IN all the long history of the Stuart dynasty there are many tragic figures such as Mary, Queen of Scots and King Charles I, but surely there can be no more hapless and lamentable bearer of the name than the first prince to ever carry the title of the Duke of Rothesay.

David Stewart – I will adopt the convention of using that spelling as that was how the family wrote their name – was the heir to the throne of Scotland at the end of the 14th century until he lost his claim to kingship, and his life, at the behest of his own uncle. His death occurred in the strangest of circumstances in this week of 1402.

It was a time of great jostling for power within the Stewart clan and their fellow Scottish aristocrats. David was born on October 24, 1378, as the son of John, Earl of Carrick, the heir to the Scottish throne, and his wife Countess Anabella nee Drummond.

John Stewart was the son of King Robert II, who himself was the grandson of Robert the Bruce. Robert II was thus the founder of the House of Stewart.

When the king lost power, John Stewart took over the running of the country in the role of Lieutenant and in 1390 he ascended to the throne when his father died, taking the name Robert III because his own name John had unfortunate associations with King John Balliol of a century before.

Robert III had been kicked by a horse two years before his coronation and as well as physical injury he suffered from melancholia, or depression as we know it.

His younger brother, confusingly also called Robert, was the Earl of Fife who had assumed the Lieutenancy and taken control of the governance of Scotland in the early part of Robert III’s reign.

Both Fife and 19-year-old David Stewart were created Dukes, the first in Scotland, in 1398 after David was knighted at the Great Tournament of Edinburgh arranged by his mother. Fife became Duke of Albany and David became Duke of Rothesay, the title which has passed down to the heirs to the Scottish throne – Prince Charles is the current holder.

Albany’s grip on power had seemed secure at first but as her husband’s health deteriorated, Queen Anabella began to take more control, and she also pushed the cause of her son David as the heir, arranging for him to become the Lieutenant in 1399. The problem was David’s personality – he was a self-indulgent wild child, who grew increasingly debauched as his teens wore on.

He was also arrogant to a fault, and despite being engaged and probably married to Elizabeth Dunbar, daughter of the Earl of March, he decided for dynastic reasons to marry Mary Douglas, daughter of the hugely powerful 3rd earl of Douglas, known as Archibald the Grim.

The Earl of March was furious and switched allegiance to King Henry IV of England who promptly invaded Scotland but had to go home when Edinburgh Castle thwarted his siege. Poor David got the blame for the invasion and his already sagging popularity hit a new low.

When both Archibald the Grim and his mother died in 1401, the Duke of Rothesay was in a very vulnerable position as his uncle Albany moved to complete his control of the kingdom. Albany was assisted in this by Archibald, 4th Earl of Douglas who greatly disliked Rothesay.
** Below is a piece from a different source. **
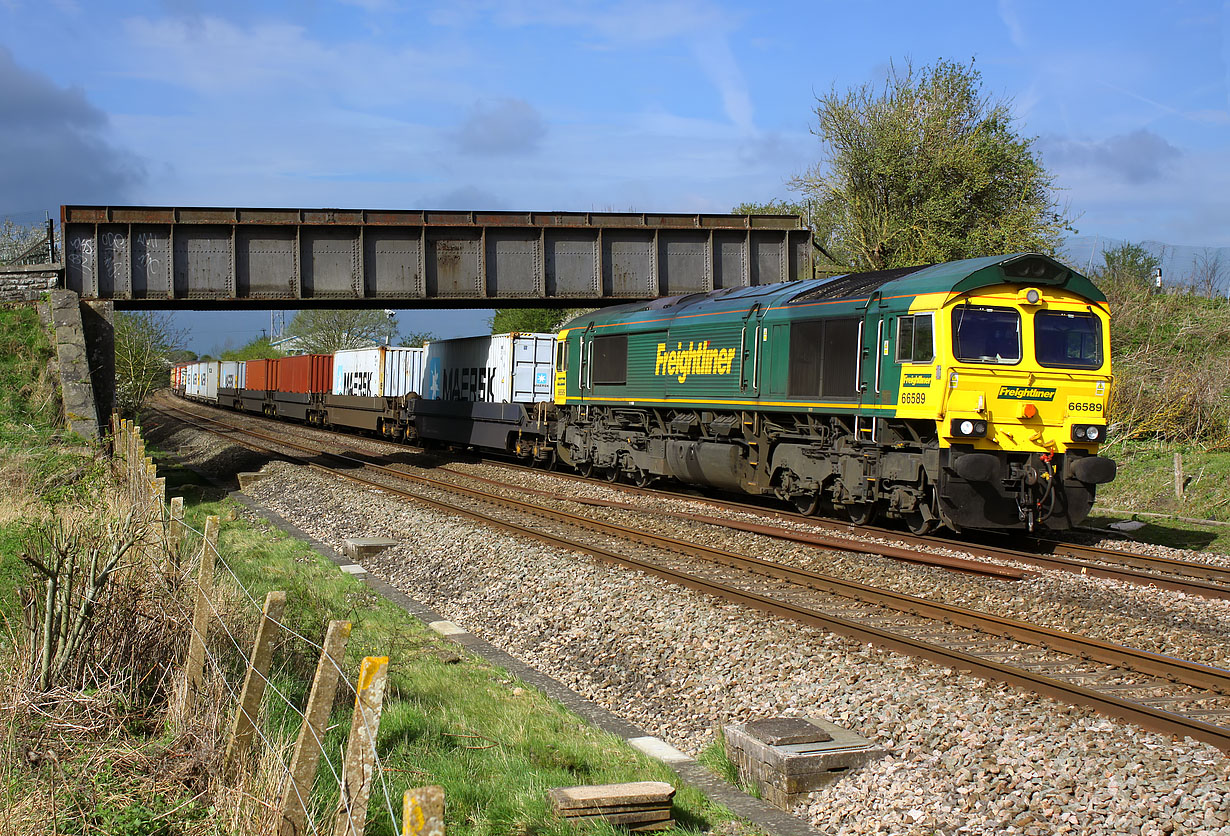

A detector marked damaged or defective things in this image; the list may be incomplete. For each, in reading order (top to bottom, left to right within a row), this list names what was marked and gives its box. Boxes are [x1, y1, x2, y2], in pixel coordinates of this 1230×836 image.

rusty bridge girder [62, 206, 812, 306]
Early in 1402, Albany moved to consolidate his power by conspiring with Archibald Douglas to have his nephew David arrested and imprisoned in Albany’s Falkland Palace in Fife on trumped up charges.

It was there that David died on March 26, 1402, most probably from starvation. Whether he was murdered or not is unknown. The official verdict was that Rothesay died of natural causes but the circumstances said otherwise.

His father, the virtually insane King Robert III, presided over a council of enquiry and had to put his name to a document which exonerated Albany and Douglas.

The King wrote: “We consider as excused the aforementioned Robert and Archibald, and anyone who took part in this affair with them, that is any who arrested, detained, guarded, gave them advice, and all others who gave them counsel, help or support, or executed their order or command in any way whatsoever, and in our said council we openly and publicly declared, pronounced and determined definitively and by the tenor of this our present document declare, pronounce, and by this definitive sentence judge them and each of them to be innocent, harmless, blameless, quit, free and immune completely in all respects.”

Robert even ordered the end to malignant rumours: “Wherefore we strictly order and command all and singular our subjects, of whatever standing or condition they be, that they do not slander the said Robert and Archibald and their participants, accomplices or adherents in this deed, as aforesaid, by word or action, nor murmur against them in any way whereby their good reputation is hurt or any prejudice is generated, under all penalty which may be applicable hereafter in any way by law.”

The opposition silenced, Albany was in complete control and remained so even after Robert III died in 1406, when David Stewart’s younger brother James became King. But having fled from the marauding Douglases, young James was at that time in the custody of the English court and would remain an exile for 18 years.